Problem requirements = Leave the pictures out and repeat the rest of the data below exactly.

Data provided =

*** Block opens ***

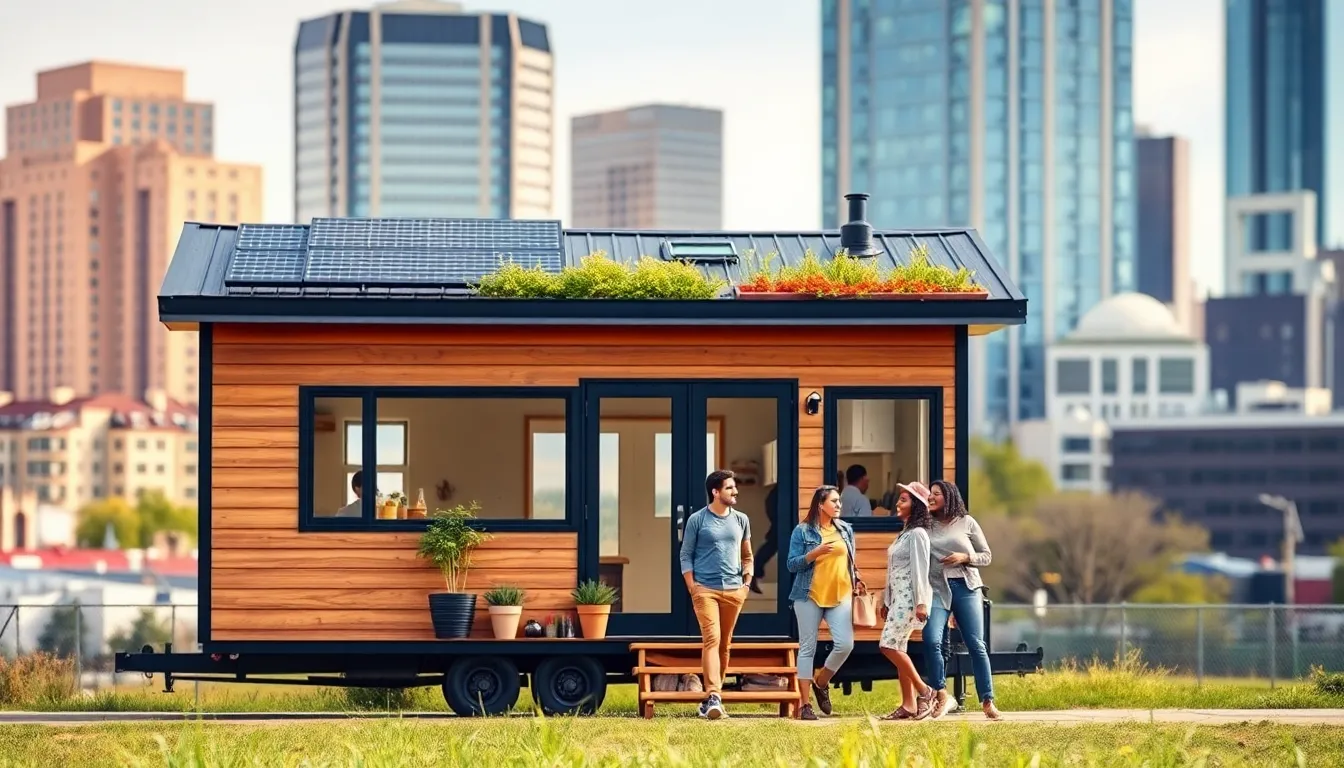 modern tiny home with a Kansas City skyline backdrop.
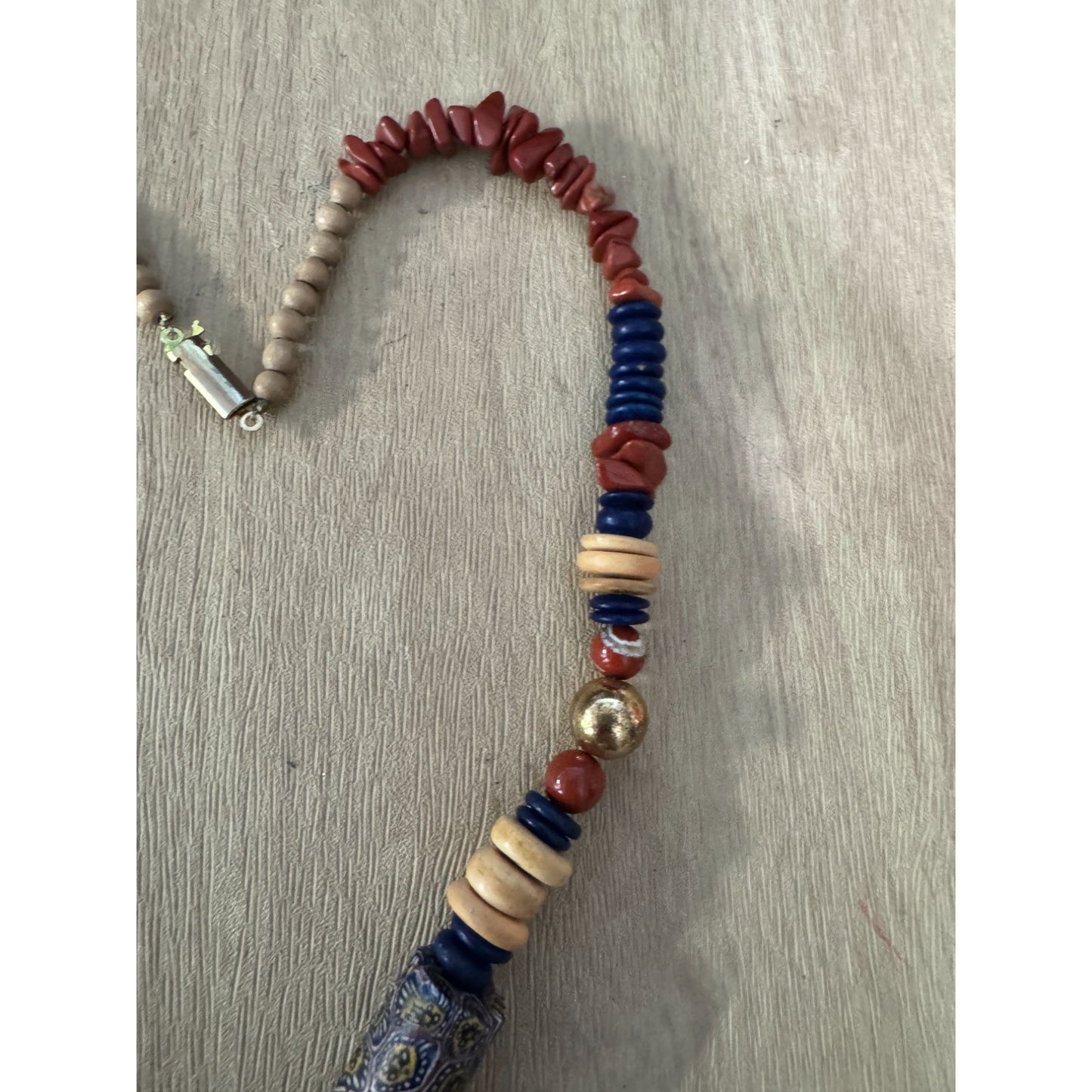 Vintage Murano Venetian Millefiori Beaded Necklace With Red & Blue Accents 16"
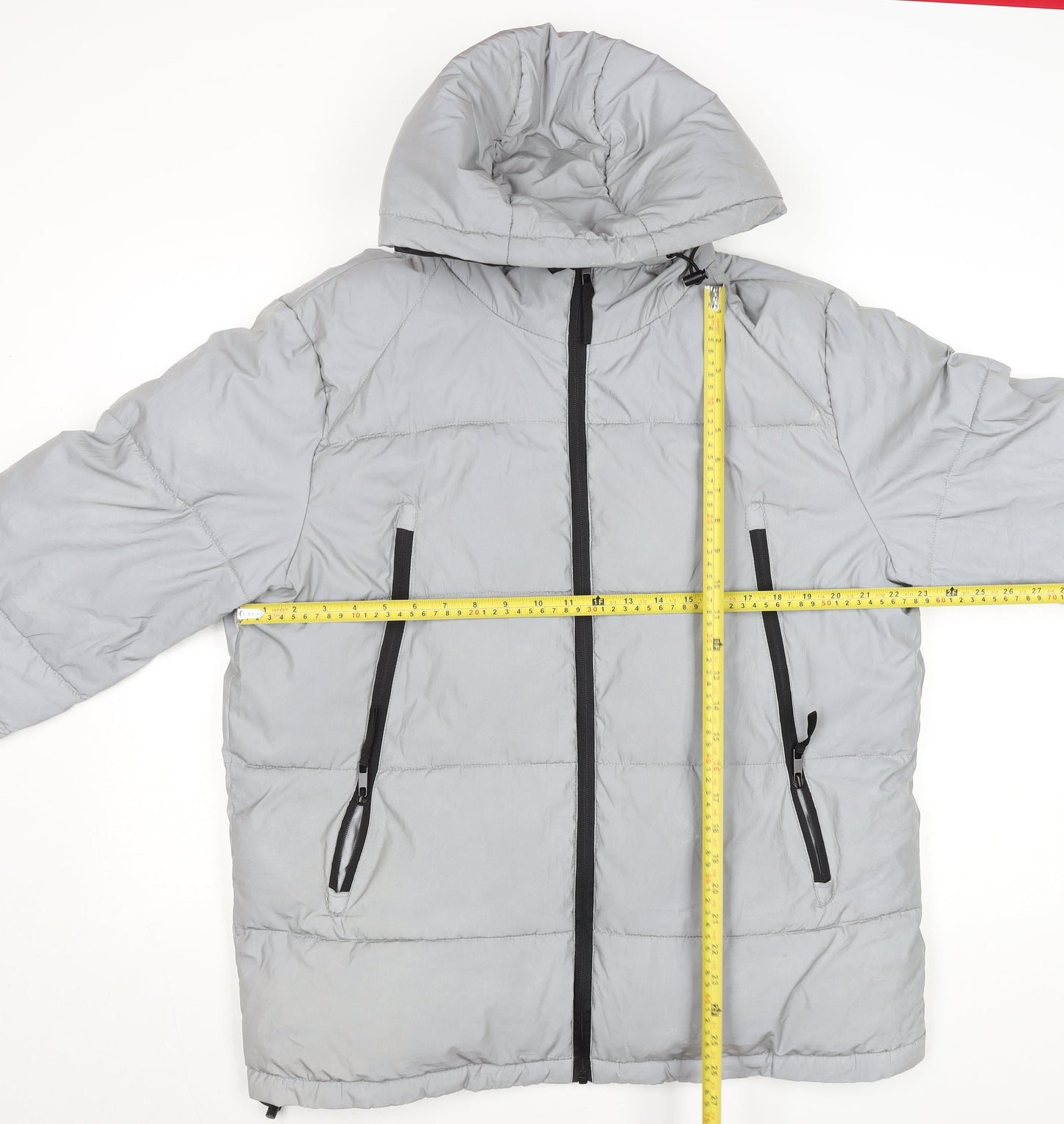 Primark Men's Grey Hooded Puffer Jacket Size Large Winter Coat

*** Block closes ***

Exercise output =
 modern tiny home with a Kansas City skyline backdrop.
 Vintage Murano Venetian Millefiori Beaded Necklace With Red & Blue Accents 16"
 Primark Men's Grey Hooded Puffer Jacket Size Large Winter Coat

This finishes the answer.